Available records:
****************************************
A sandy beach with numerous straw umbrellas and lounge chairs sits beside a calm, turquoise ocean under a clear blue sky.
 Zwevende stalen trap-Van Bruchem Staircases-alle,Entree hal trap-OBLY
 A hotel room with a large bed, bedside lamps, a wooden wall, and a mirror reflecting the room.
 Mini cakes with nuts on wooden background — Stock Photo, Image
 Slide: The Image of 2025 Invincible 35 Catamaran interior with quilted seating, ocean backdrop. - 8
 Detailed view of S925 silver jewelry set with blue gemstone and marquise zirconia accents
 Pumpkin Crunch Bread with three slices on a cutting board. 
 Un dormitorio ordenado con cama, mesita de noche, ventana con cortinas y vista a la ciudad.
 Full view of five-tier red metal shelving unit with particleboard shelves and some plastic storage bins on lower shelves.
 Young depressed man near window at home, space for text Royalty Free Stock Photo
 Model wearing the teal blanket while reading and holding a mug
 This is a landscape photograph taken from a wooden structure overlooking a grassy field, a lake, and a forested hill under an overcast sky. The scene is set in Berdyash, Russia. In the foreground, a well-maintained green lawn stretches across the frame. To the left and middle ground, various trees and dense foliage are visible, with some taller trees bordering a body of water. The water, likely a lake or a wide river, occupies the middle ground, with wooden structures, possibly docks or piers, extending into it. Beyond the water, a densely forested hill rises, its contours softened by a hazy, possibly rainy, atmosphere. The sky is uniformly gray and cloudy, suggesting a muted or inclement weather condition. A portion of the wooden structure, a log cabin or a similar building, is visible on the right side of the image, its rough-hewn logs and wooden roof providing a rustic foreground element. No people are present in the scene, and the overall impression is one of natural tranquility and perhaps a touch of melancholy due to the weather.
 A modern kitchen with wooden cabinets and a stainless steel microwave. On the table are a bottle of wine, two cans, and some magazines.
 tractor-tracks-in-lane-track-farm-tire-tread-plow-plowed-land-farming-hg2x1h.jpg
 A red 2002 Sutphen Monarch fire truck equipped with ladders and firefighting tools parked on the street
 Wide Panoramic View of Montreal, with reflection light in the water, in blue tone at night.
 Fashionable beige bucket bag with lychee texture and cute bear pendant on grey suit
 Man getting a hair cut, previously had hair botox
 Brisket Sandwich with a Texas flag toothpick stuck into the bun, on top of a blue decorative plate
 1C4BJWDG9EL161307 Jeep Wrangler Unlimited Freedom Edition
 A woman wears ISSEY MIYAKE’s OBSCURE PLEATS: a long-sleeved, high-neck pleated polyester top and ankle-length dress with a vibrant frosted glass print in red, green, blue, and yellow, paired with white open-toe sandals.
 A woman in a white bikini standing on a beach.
****************************************
The problem:
Would you quote everything above from the line containing "Detailed view of" down to the line containing "Model wearing the"? Include both of those lines and nothing else.

Exercise solution:
 Detailed view of S925 silver jewelry set with blue gemstone and marquise zirconia accents
 Pumpkin Crunch Bread with three slices on a cutting board. 
 Un dormitorio ordenado con cama, mesita de noche, ventana con cortinas y vista a la ciudad.
 Full view of five-tier red metal shelving unit with particleboard shelves and some plastic storage bins on lower shelves.
 Young depressed man near window at home, space for text Royalty Free Stock Photo
 Model wearing the teal blanket while reading and holding a mug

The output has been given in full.